WHAT IS NEEDED :: Look through the data below for the line with "Souvenirs vintage Idaho" and the line with "Turquoise glass canister set of 3", then transcribe exactly from the first through the second, leaving out all pictures.

LISTED ENTRIES: Begin

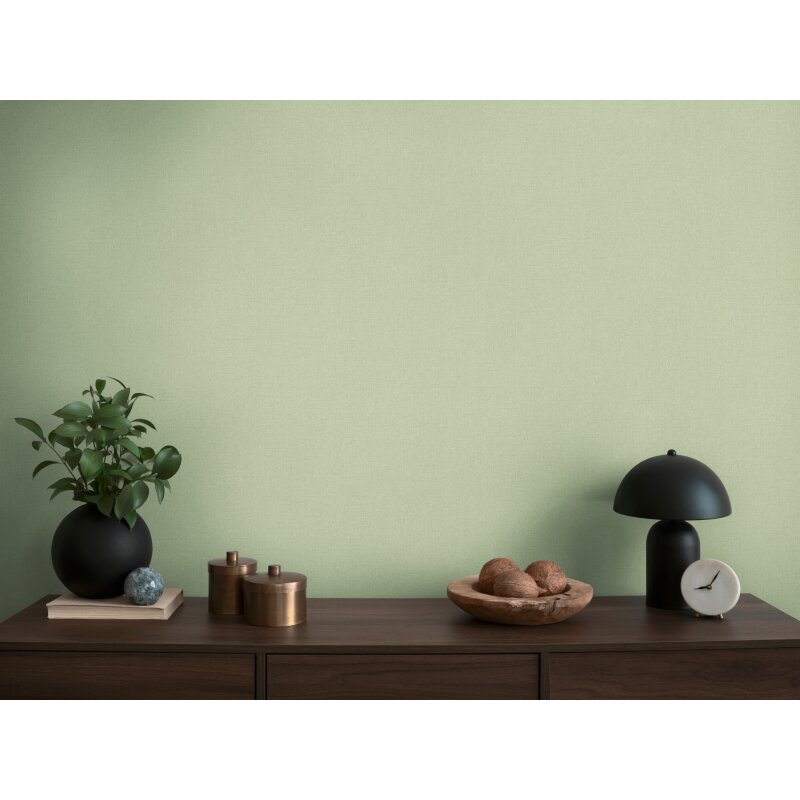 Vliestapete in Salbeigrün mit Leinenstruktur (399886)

LISTED ENTRIES: End
LISTED ENTRIES: Begin

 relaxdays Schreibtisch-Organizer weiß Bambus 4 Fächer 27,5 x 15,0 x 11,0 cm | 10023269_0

LISTED ENTRIES: End
LISTED ENTRIES: Begin

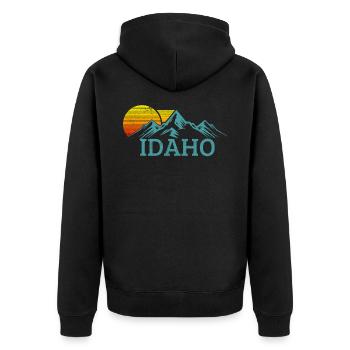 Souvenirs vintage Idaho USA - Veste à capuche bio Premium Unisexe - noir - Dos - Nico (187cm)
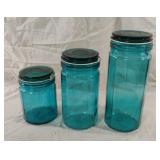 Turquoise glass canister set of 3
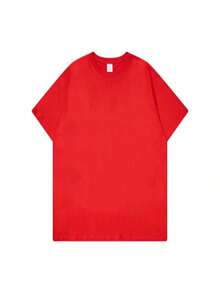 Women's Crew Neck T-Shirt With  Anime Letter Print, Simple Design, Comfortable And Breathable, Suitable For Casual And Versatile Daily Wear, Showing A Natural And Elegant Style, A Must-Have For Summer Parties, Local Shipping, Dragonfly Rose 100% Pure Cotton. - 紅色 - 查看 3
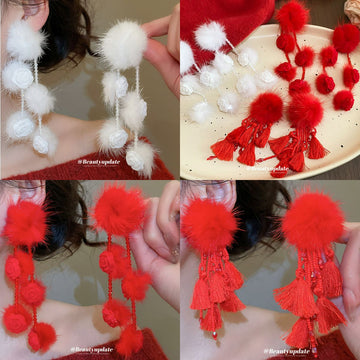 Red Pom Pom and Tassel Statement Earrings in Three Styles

LISTED ENTRIES: End

EXPECTED ANSWER ::
 Souvenirs vintage Idaho USA - Veste à capuche bio Premium Unisexe - noir - Dos - Nico (187cm)
 Turquoise glass canister set of 3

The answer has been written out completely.